A Country House for Dr. Edith Farnsworth

Designed and built from 1946 to 1951, the Farnsworth House is considered to be the apogee of the architect Mies van der Rohe's American career. But credit lies not only with the architect. Seldom mentioned except in relation to Mies, Dr. Farnsworth was far more than just a client: Educator, translator and nephrologist, Dr. Farnsworth was in many ways every bit Mies's equal. She believed in bringing together those on the cutting edge of the sciences with those on the forefront of the arts for a collaboration that would improve each others work. Dr. Farnsworth is the kind of client that makeARCHITECTURE dreams about – she was intelligent, cultivated and open minded – and this is something lost in all of the mythology surrounding the house.
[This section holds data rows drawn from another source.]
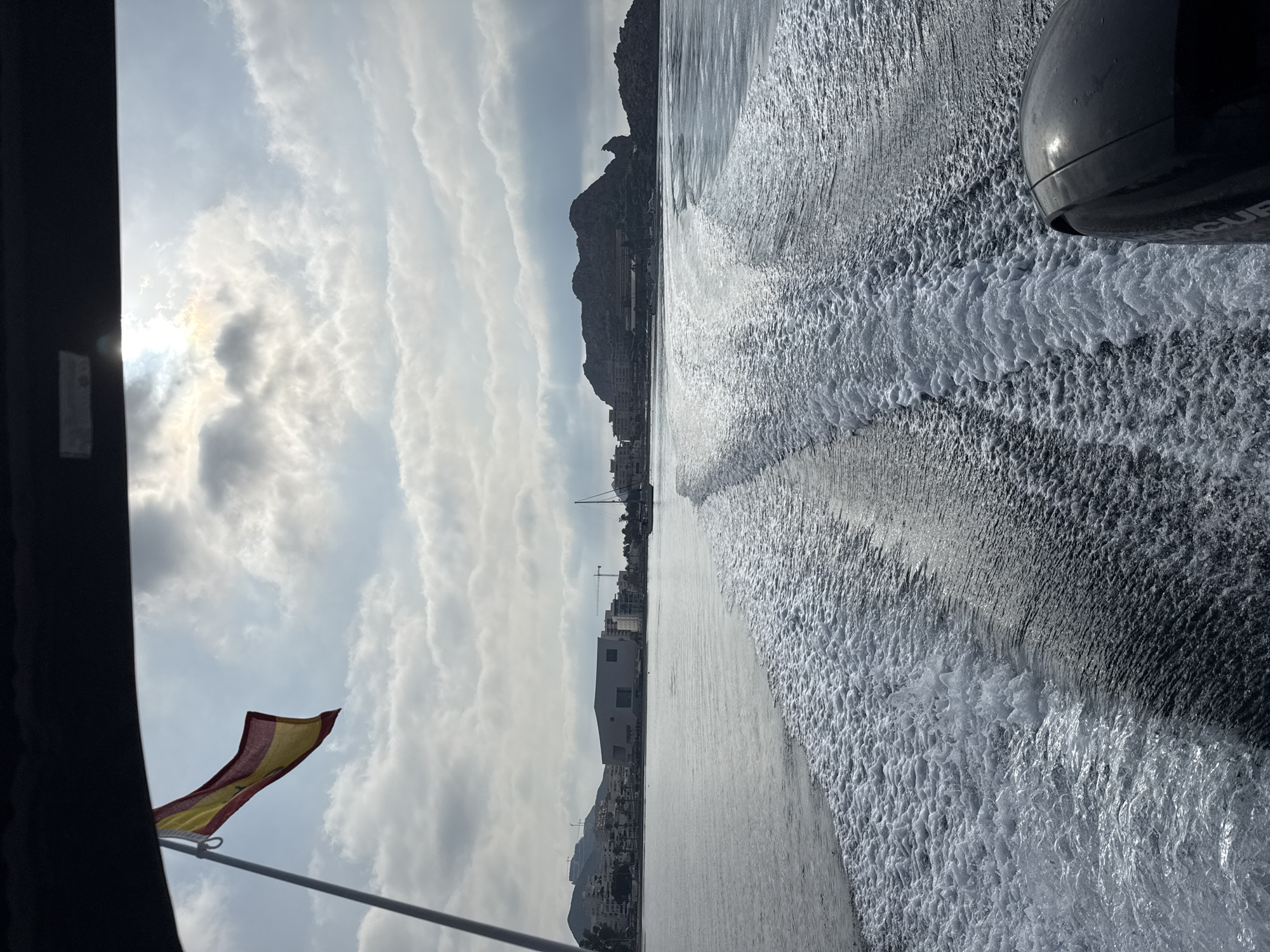 The image shows a view from the back of a boat moving through water, leaving a foamy wake. A Spanish flag flies from a mast on the left side of the frame. In the distance, the coastline of Águilas, Spain, is visible, featuring buildings, hills, and a rocky outcropping. The sky is partly cloudy with the sun breaking through. The lower right corner of the image shows the back of an outboard motor.
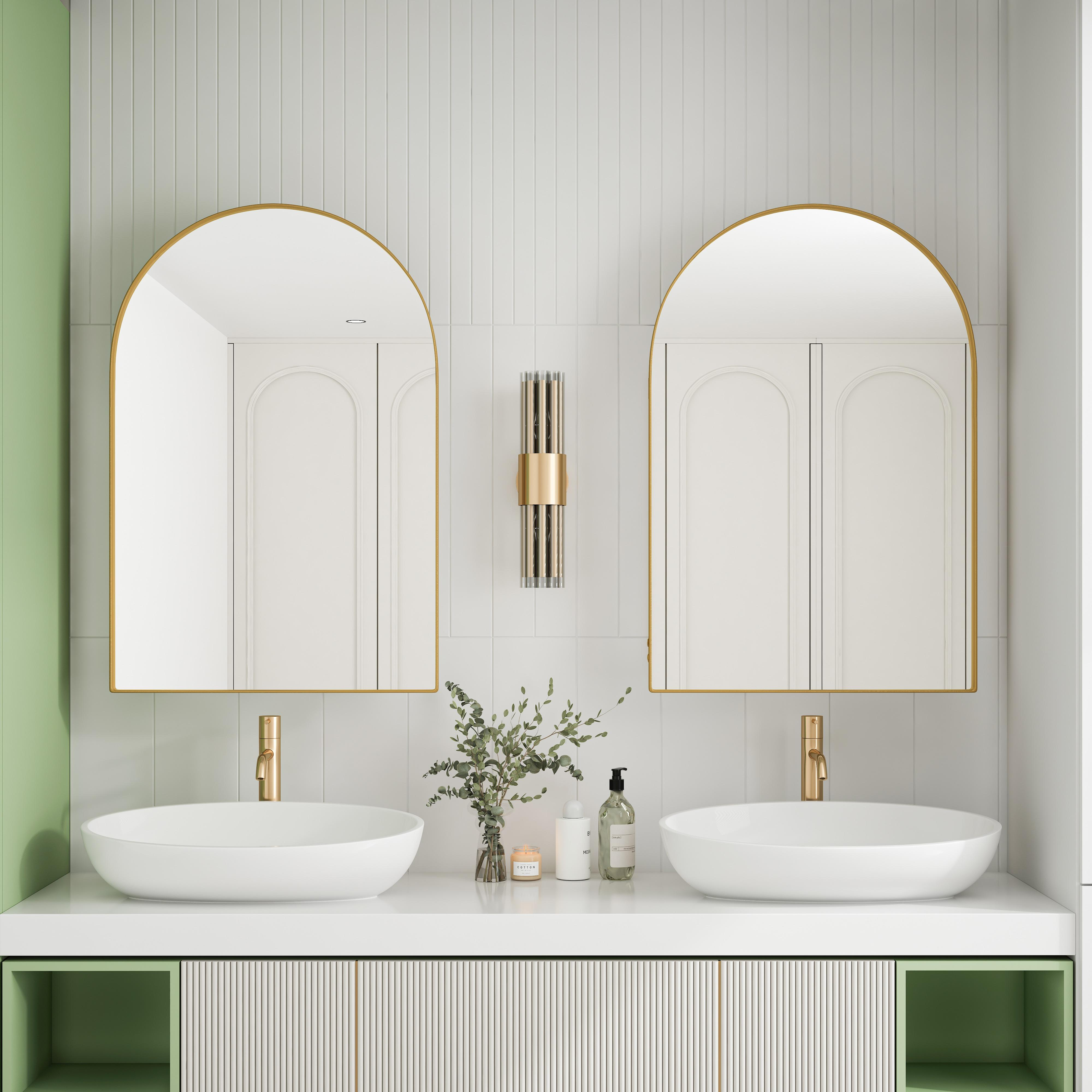 Badezimmer mit zwei Waschbecken, Spiegeln und goldenen Akzenten. Grün-weißes Farbschema. Modernes Design.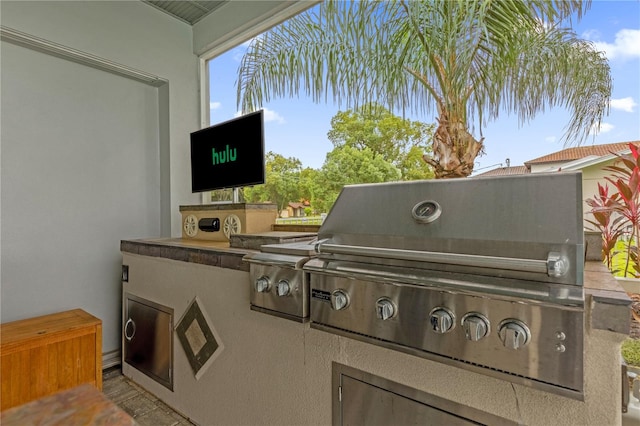 view of patio / terrace featuring exterior kitchen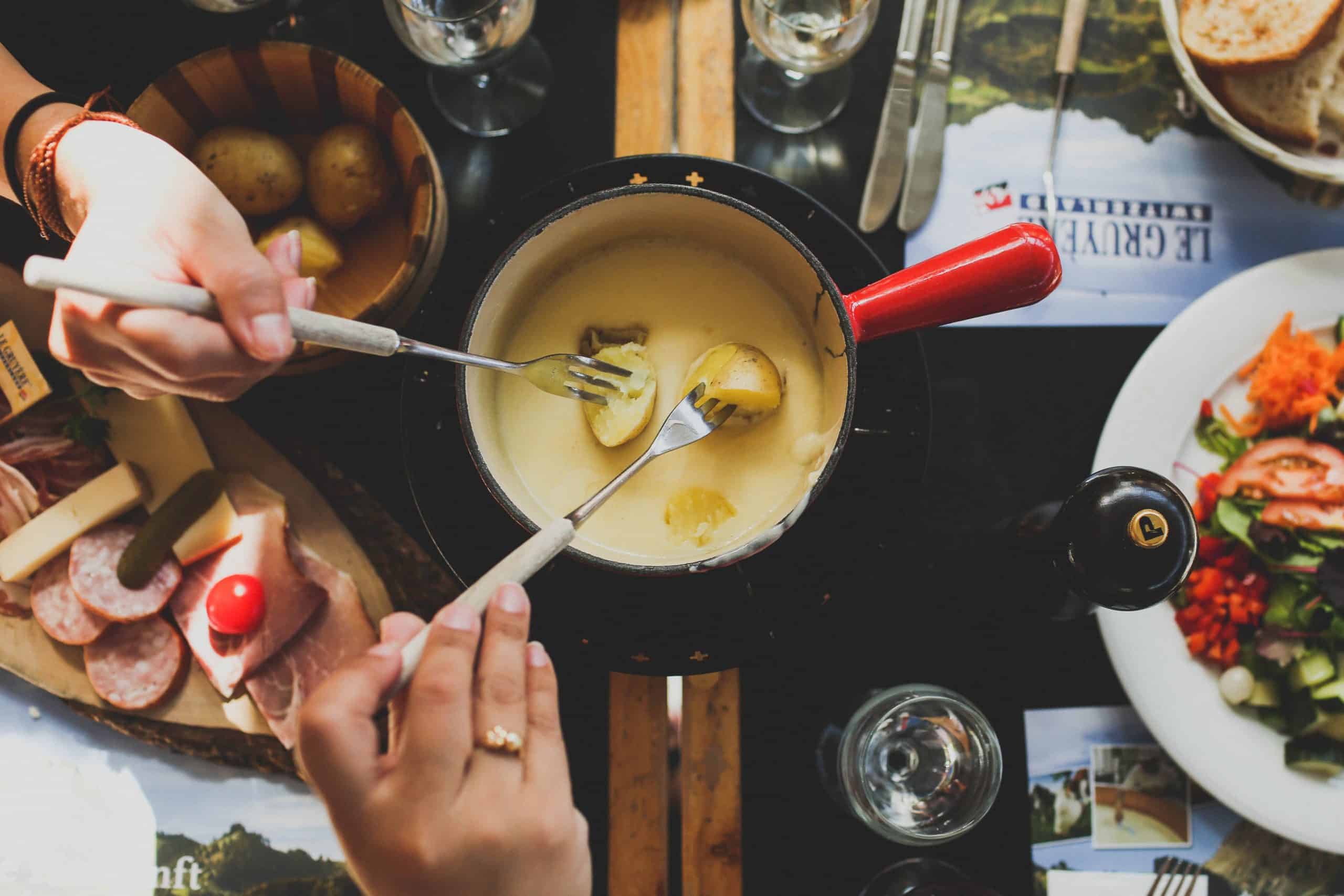 dipping small potatoes in a fondue pot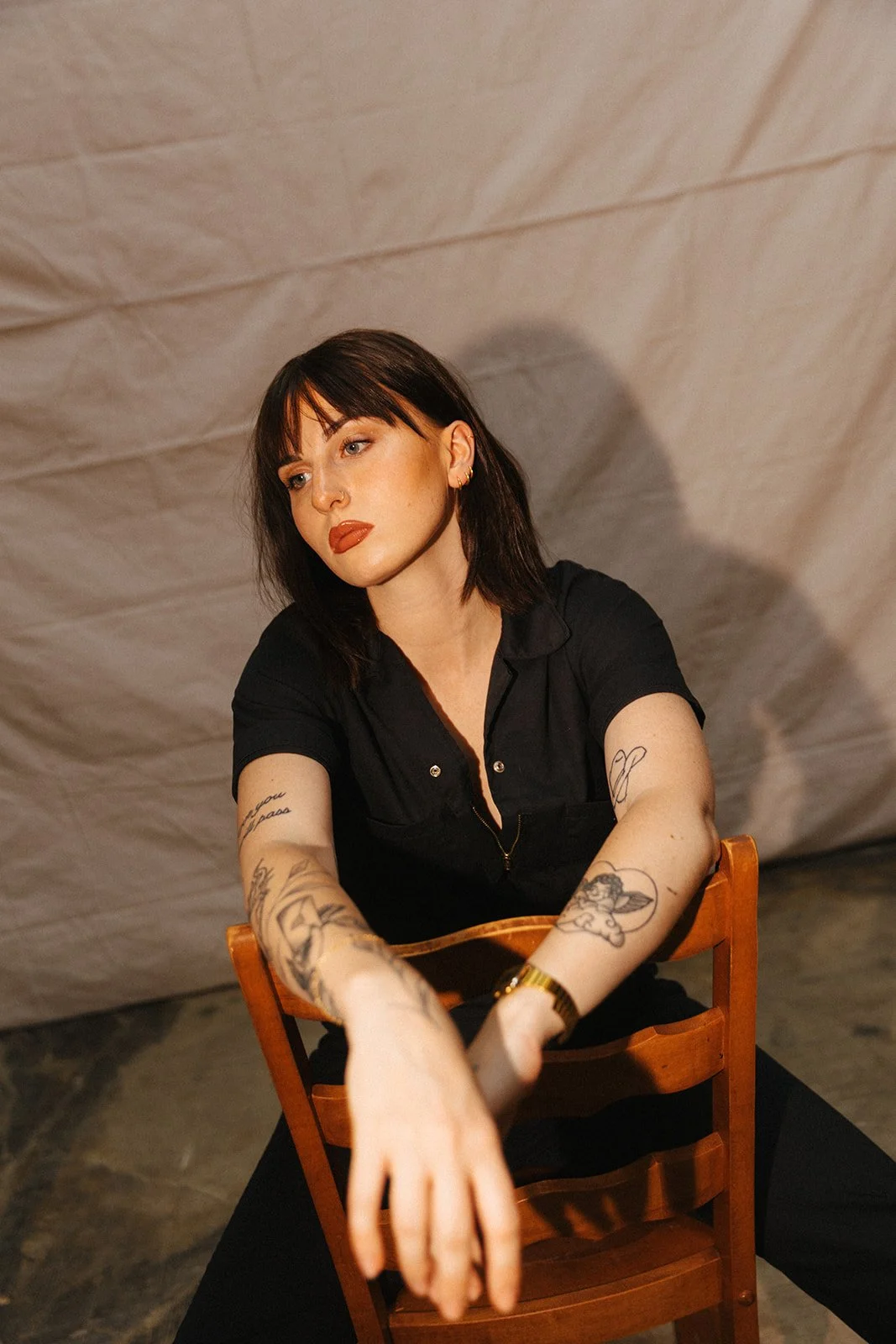 A woman with dark hair and tattoos sitting on a wooden chair against a beige background, wearing a black top and gold watch.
Mies, while an incredible architect, had little respect for women professionally or otherwise. (Lily Reich was one of the few women with which he a productive, mutually beneficial professional relationship. See Franz Schulze's biography of Mies for more information.) Partly due to this, their relationship ended badly. She cut off funding of the house at $75K. The custom furniture was never designed save for a wardrobe. (And the wardrobe was designed only after the client questioned the architect's "hang your clothes on the back of the bathroom door" view of domesticity.) In its place are older designs for less pastoral sites. She sued him. He counter sued. The architect came to finish work on the house only when the client was not present. The client lost the court case and was bitter. She moved into the house and decorated in her own inimitable style. She later wrote in her memoirs (available at the Newberry Library in Chicago) that Mies was a "medieval peasant" – he was intellectually an inflexible, closeminded "hedgehog" (in Isaiah Berlin's terminology) and personally a cruel, remote person. She wrote that he only began to unwind after imbibing several martinis and then would speak of his parents, the girls from a school near the office in Berlin where he worked for Behrens and his dealings as head of the Bauhaus with the Nazis. There's a tantalizing passage in her memoirs that begins to speak of Mies's meeting with Goebbels, the Nazi minister of culture. It is a version of the story that was related in the wee hours of the morning after several martinis and Cuban cigars. But the pages were torn out of the handwritten manuscript and we are left wondering if he told her more than he cared to admit publicly about what happened.

But the greatest legacy is not the anecdotes about Mies or even the house itself, but the attitude of Edith Farnsworth – we can come together as intelligent, cultivated individuals, collaborate and push things forward – and Mies's quest for excellence. That's exciting and the pursuit of these ideals is what keeps makeARCHITECTURE going.